While humor is incorporated in the film, the jokes are hit or miss. Oftentimes, a failed joke feels forced or gets dragged on for too long, like when people constantly tell Bill Denbrough (James McAvoy) the endings of his stories are terrible. Sometimes, humor isn’t intended, which undermines some of Pennywise’s scenes, as parts feel too goofy to build up the intended suspense. Most comedic scenes that work involve a majority of the Losers’ Club being together. Each member is similar to when they were a child, acting immature around each other as they make fun of each other’s professions.
“It: Chapter Two” retains the psychedelic and mind-bending horror that worked so well in the first movie despite the occasional joke harming it. In any scene, the environment could change at a moment’s notice as Pennywise toys with the characters. For instance, Beverly Marsh (Jessica Chastain) could be thrust into a seemingly endless hallway as Pennywise watches her from one end, or the entire club might be terrorized by monsters coming out of their fortune cookies at a Chinese restaurant. Tension also comes from the movie expertly faking impending scares to subvert expectations.
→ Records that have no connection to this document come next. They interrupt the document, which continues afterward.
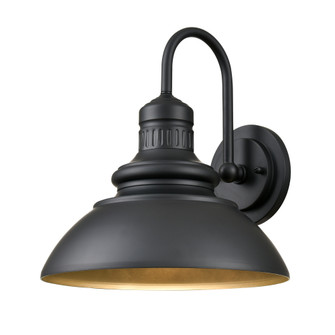 Adda Outdoor Wall Sconce Powder Coated Black (670|81101-PBK)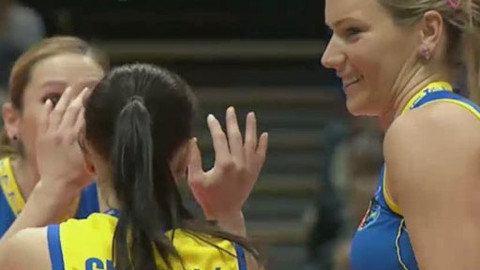 Liga mistrů ve volejbalu - Atom Trefl Sopoty - VK Modřanská Prostějov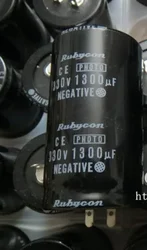 NEW RUBYCON 1300UF 330V PHOTO-FLASH 330V1300UF 30X54MM Flash Electrolytic Capacitor 1300uF/330V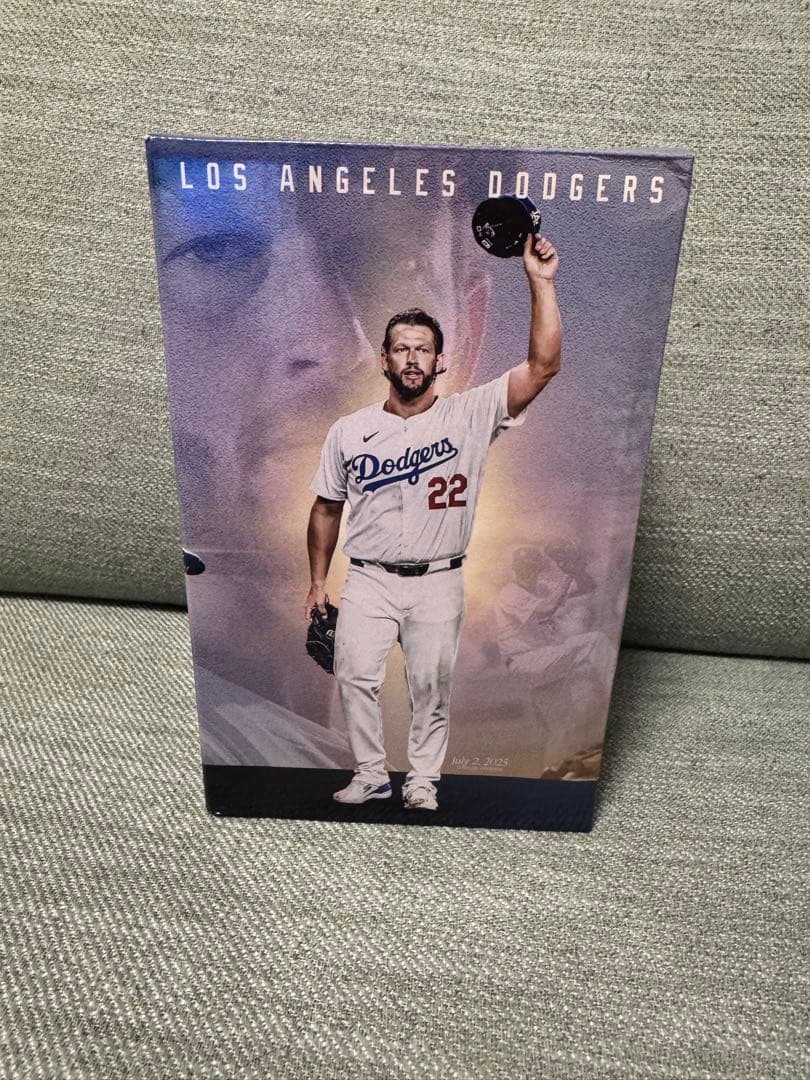 球場限定　9/20クレイトン カーショー 3000奪三振 ボブルヘッド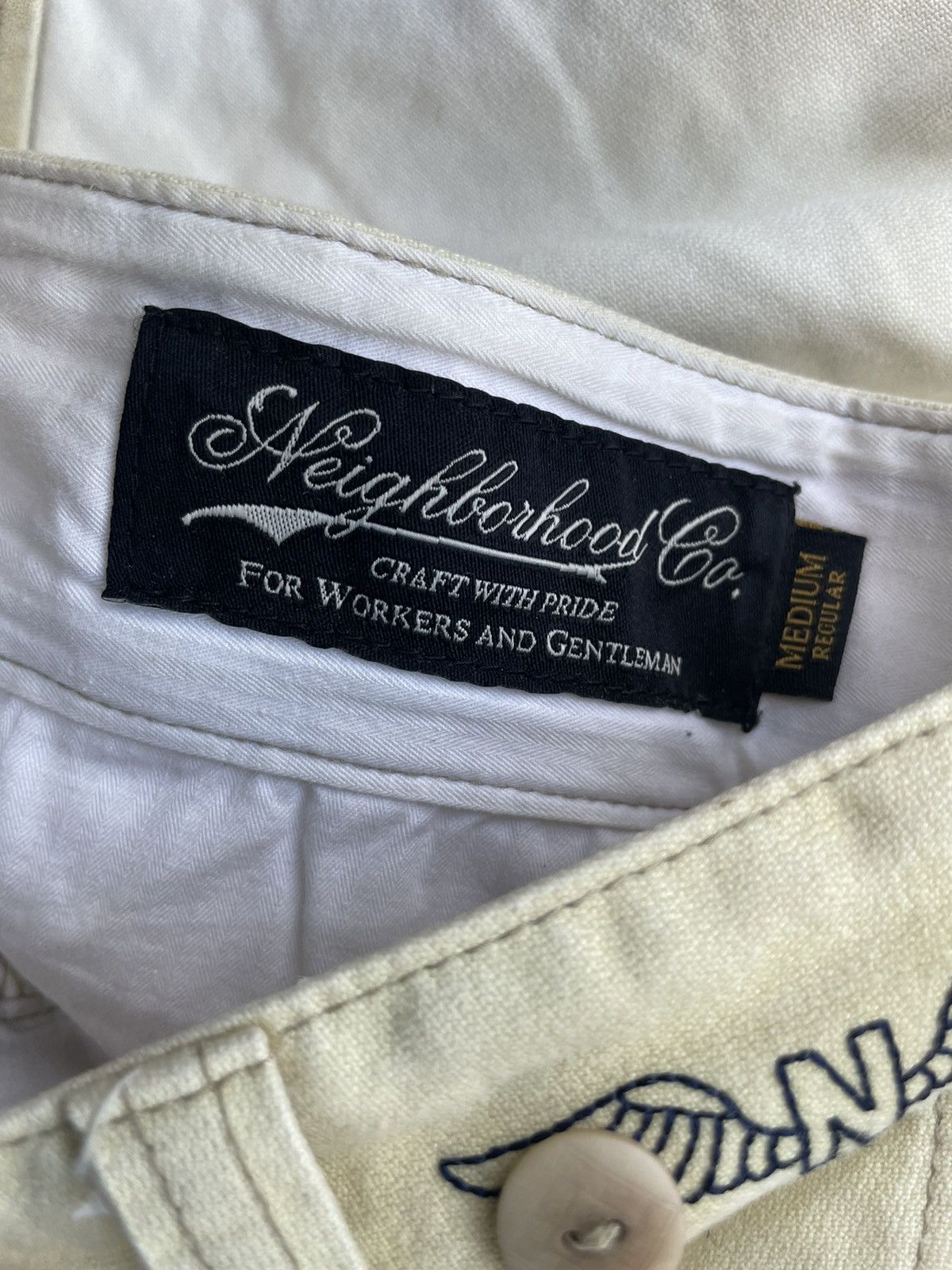 Neighborhood × Vintage Vintage Neighborhood Technical Apparel Trouser Size US 32 / EU 48 - 14 Thumbnail
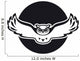 Own Black Logo Wall Decal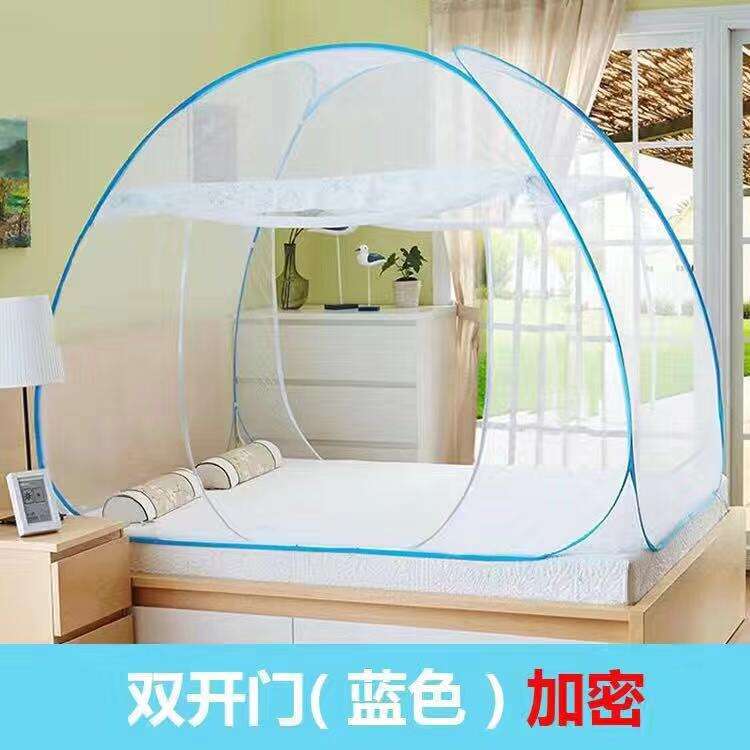 Large Mongolian yurt double household 1.8m 1.5m single bed, 1.2m top and bottom bunk, 0.9m mosquito net. 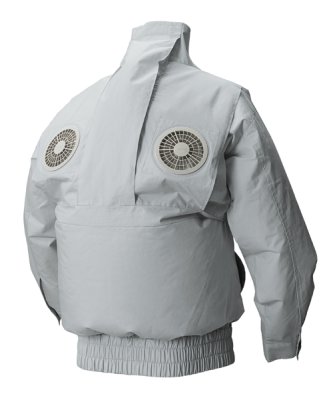 画像7: EK4531【空調服(R)セット】空調服(R)ブルゾン・ファン・バッテリー(充電器付)/長袖・エレファン (7)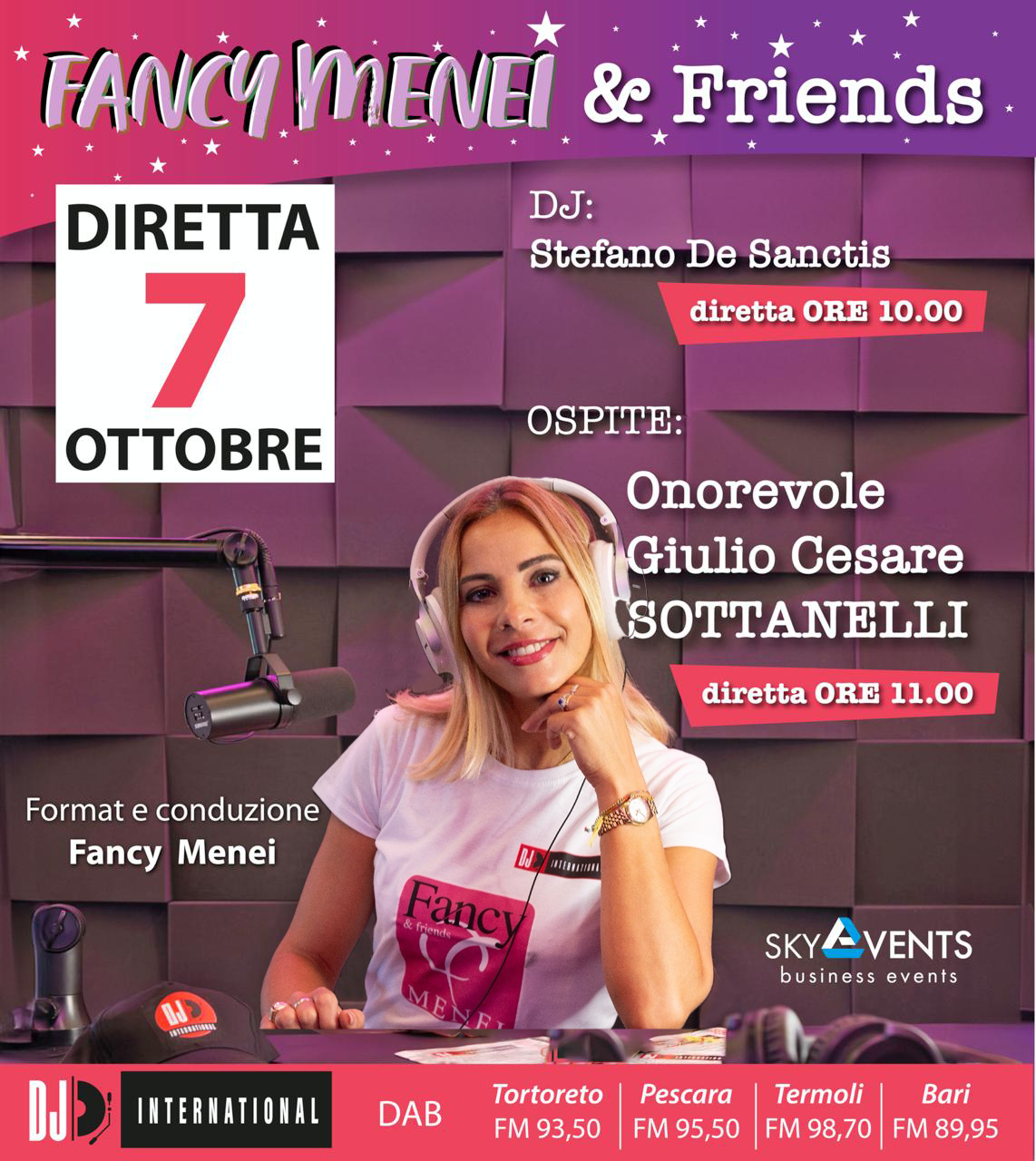 FANCY MENEI & FRIENDS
Another element of horror the film uses is its nightmarish visual effects. The film’s tamest parts involve people being dismembered by a clown with several sets of teeth, which is telling of the monstrosities Pennywise appears as to torture the Losers’ Club. The film displays truly grotesque creatures, including a zombified corpse of Bill’s dead brother Georgie, the head of a baby on a spider and a horrifically disfigured elderly woman, which each antagonize members of the Losers’ Club.
“It: Chapter Two” is a solid horror film that uses suspense and thrills rather than the overused trope of jumpscares. With a unique mixture of the original and new cast, each character’s past is explored further as the Losers’ Club is forced to learn how to be brave against Pennywise or die trying. Despite my disliking of horror movies in general, this film works hard to be appreciated and deserves its recognition as truly entertaining.